(Beginning of SUPPLIED MATERIAL)

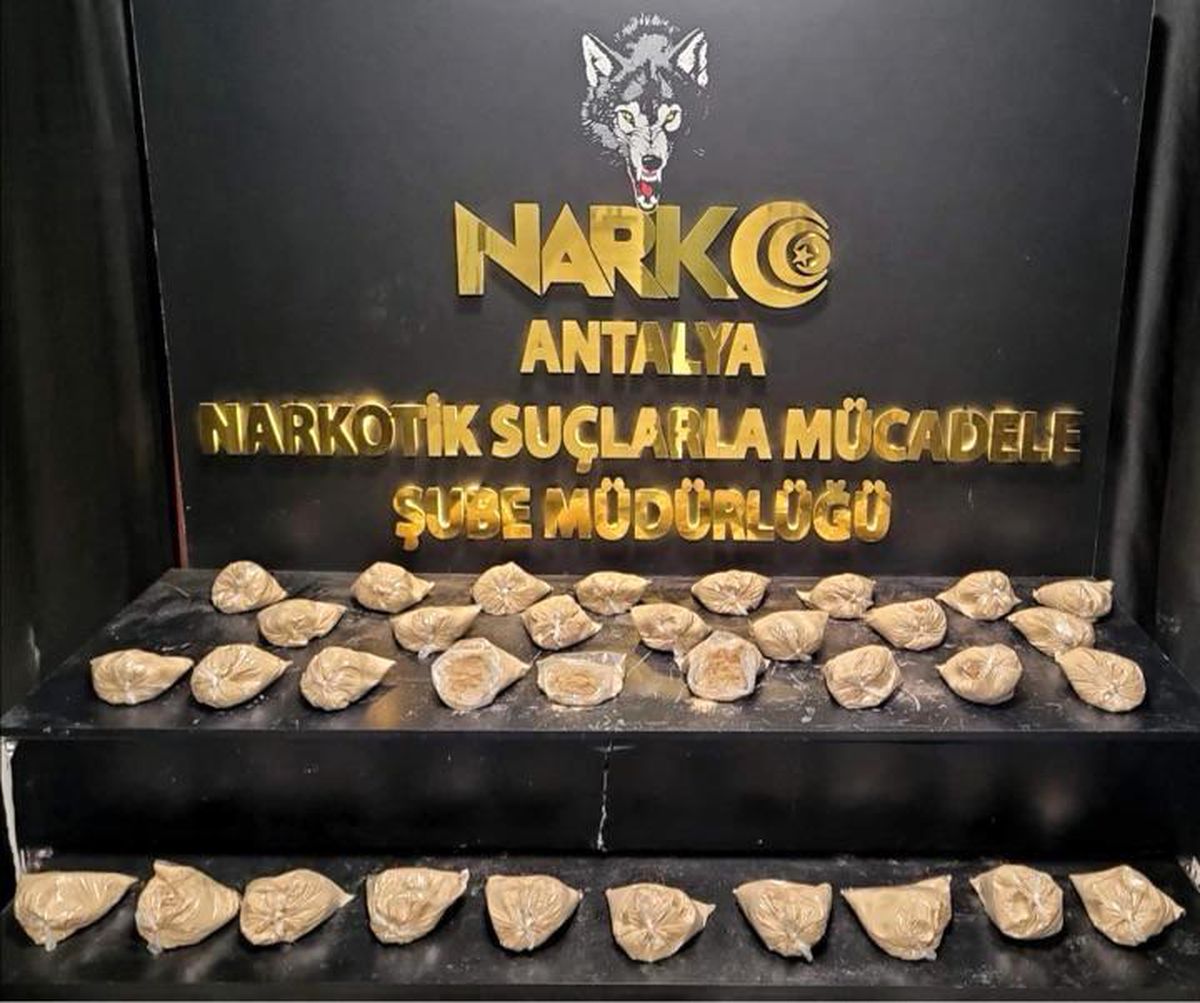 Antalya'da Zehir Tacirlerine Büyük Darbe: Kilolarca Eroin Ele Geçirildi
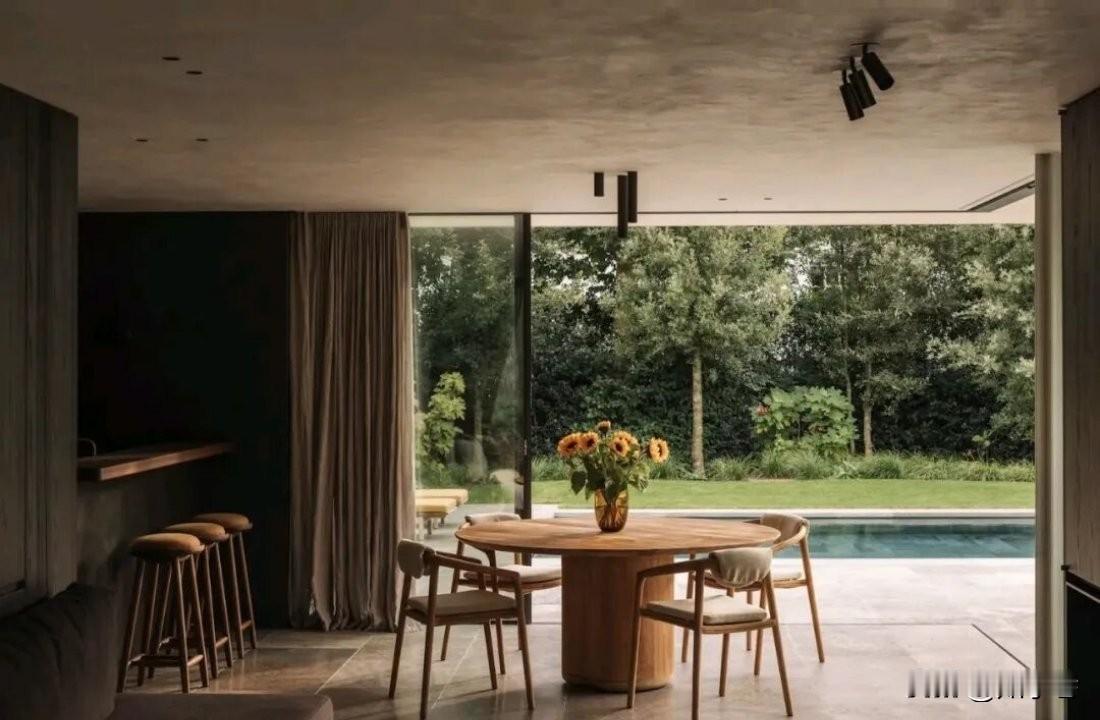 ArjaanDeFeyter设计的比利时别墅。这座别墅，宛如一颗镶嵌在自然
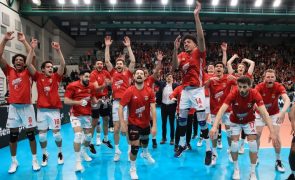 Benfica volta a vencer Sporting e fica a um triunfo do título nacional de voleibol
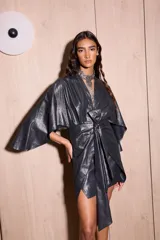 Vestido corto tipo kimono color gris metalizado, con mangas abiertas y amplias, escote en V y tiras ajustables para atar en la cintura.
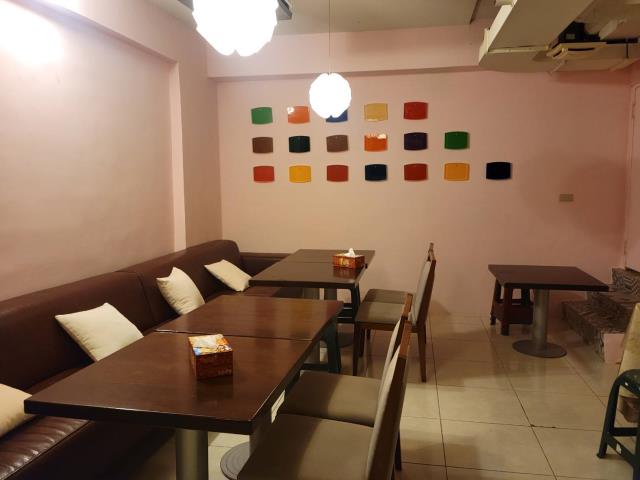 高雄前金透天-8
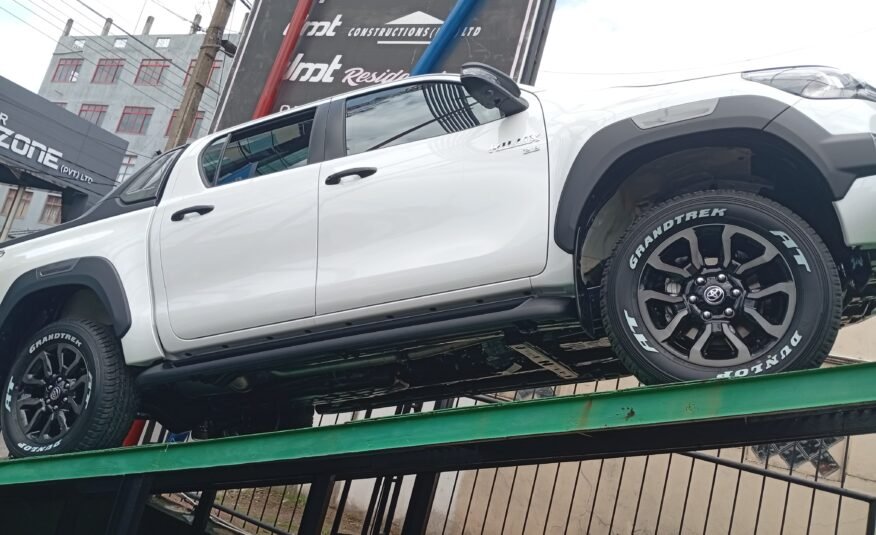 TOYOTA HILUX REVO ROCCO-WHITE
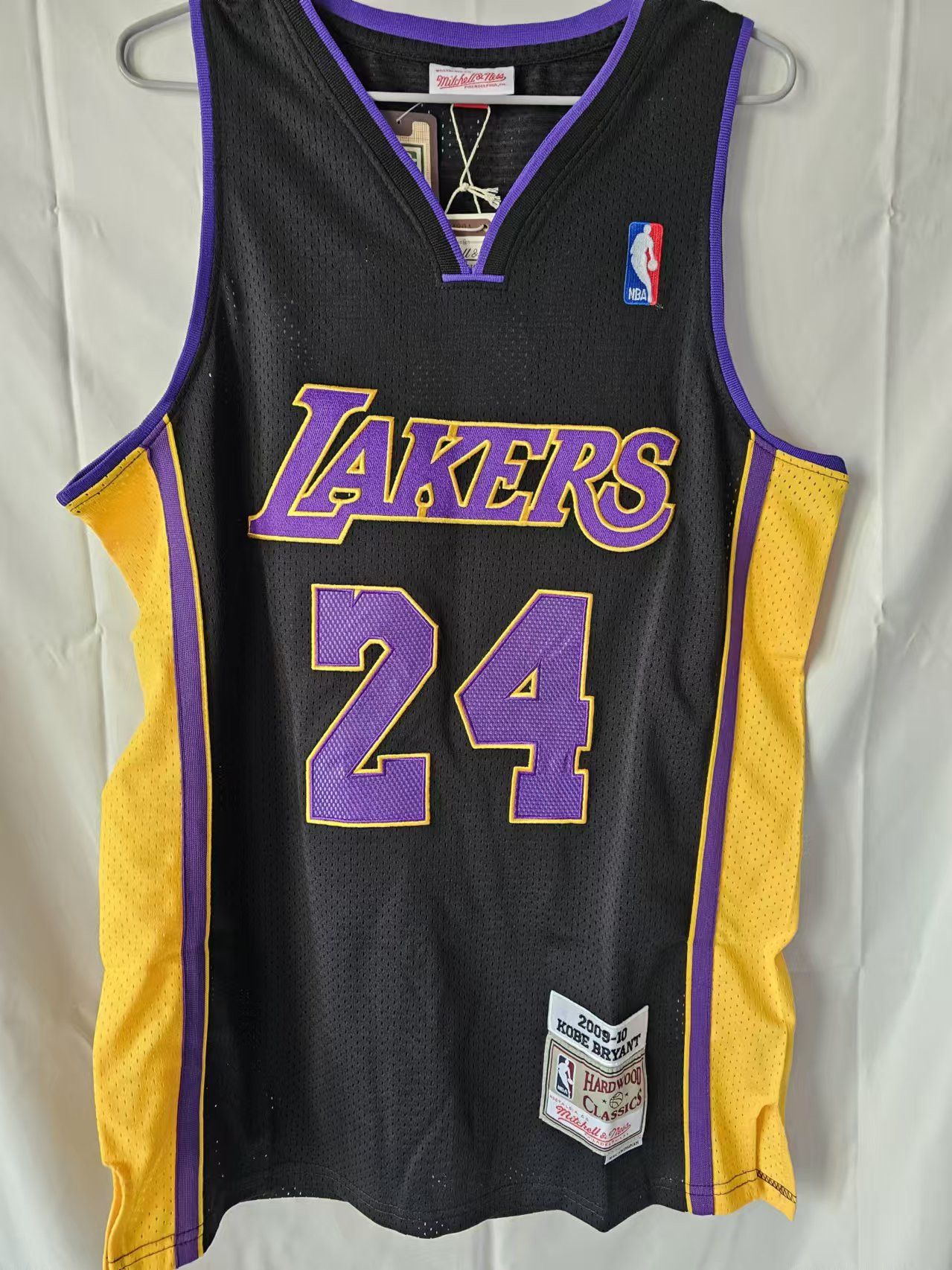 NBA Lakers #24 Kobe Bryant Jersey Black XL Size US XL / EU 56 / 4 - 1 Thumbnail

(End of SUPPLIED MATERIAL)

= YOUR TASK =
Reproduce the material word for word. Any pictures should be left out of the copy.

= ANSWER AREA =
 Antalya'da Zehir Tacirlerine Büyük Darbe: Kilolarca Eroin Ele Geçirildi
 ArjaanDeFeyter设计的比利时别墅。这座别墅，宛如一颗镶嵌在自然
 Benfica volta a vencer Sporting e fica a um triunfo do título nacional de voleibol
 Vestido corto tipo kimono color gris metalizado, con mangas abiertas y amplias, escote en V y tiras ajustables para atar en la cintura.
 高雄前金透天-8
 TOYOTA HILUX REVO ROCCO-WHITE
 NBA Lakers #24 Kobe Bryant Jersey Black XL Size US XL / EU 56 / 4 - 1 Thumbnail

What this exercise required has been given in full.